Task statement
Using the data that follows, give again word for word the lines between the one holding "Anchor icon vector." and the one holding "Pro-Vax Mom Graphic", inclusive. Omit the pictures.

Items listed in a dataset

========================

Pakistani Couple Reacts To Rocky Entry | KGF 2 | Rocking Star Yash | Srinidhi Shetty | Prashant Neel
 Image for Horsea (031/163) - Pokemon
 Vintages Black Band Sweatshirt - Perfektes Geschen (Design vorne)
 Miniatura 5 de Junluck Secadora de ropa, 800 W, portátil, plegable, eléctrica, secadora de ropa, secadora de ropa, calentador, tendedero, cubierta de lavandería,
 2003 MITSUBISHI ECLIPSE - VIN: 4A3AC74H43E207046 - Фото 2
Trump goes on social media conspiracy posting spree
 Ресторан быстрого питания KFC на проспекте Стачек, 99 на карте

========================

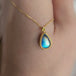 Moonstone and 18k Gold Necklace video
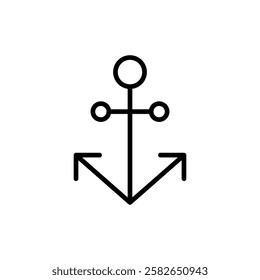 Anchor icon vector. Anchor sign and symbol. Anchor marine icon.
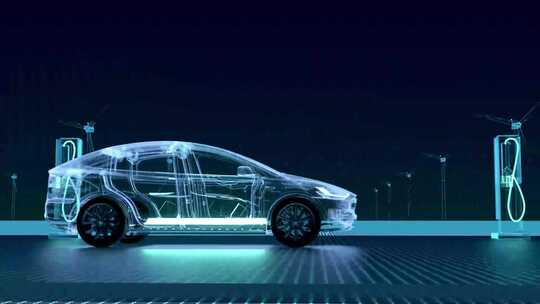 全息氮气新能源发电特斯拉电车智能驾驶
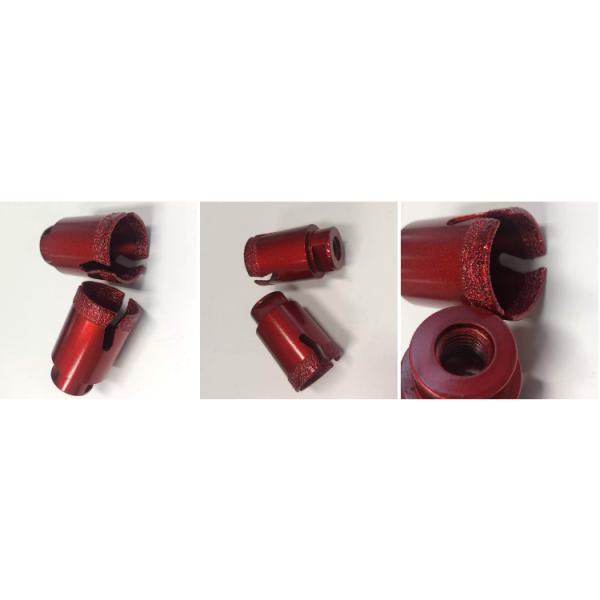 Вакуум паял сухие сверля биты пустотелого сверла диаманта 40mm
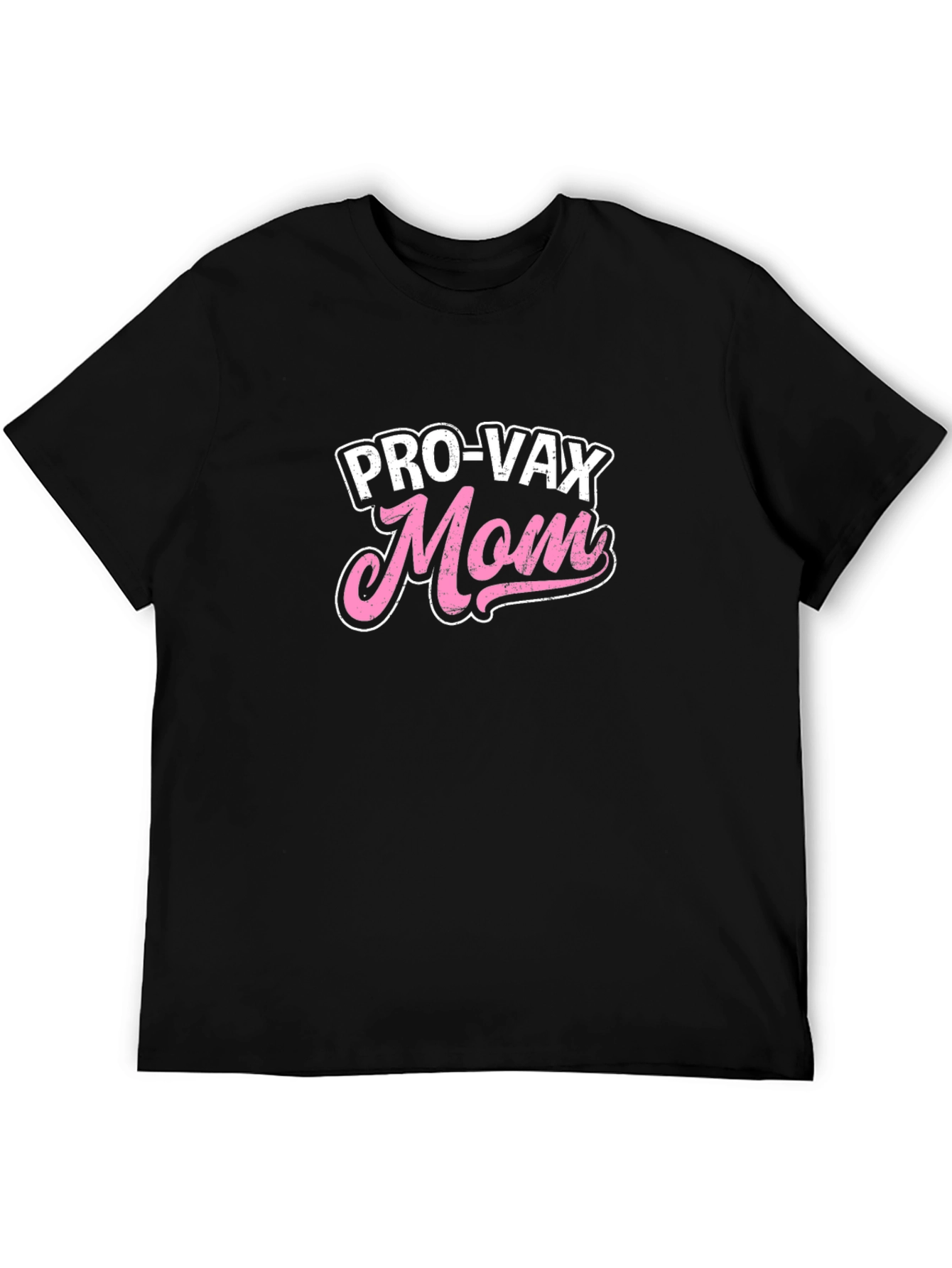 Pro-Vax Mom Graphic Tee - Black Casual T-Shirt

========================

The completed task
 Anchor icon vector. Anchor sign and symbol. Anchor marine icon.
 全息氮气新能源发电特斯拉电车智能驾驶
 Вакуум паял сухие сверля биты пустотелого сверла диаманта 40mm
 Pro-Vax Mom Graphic Tee - Black Casual T-Shirt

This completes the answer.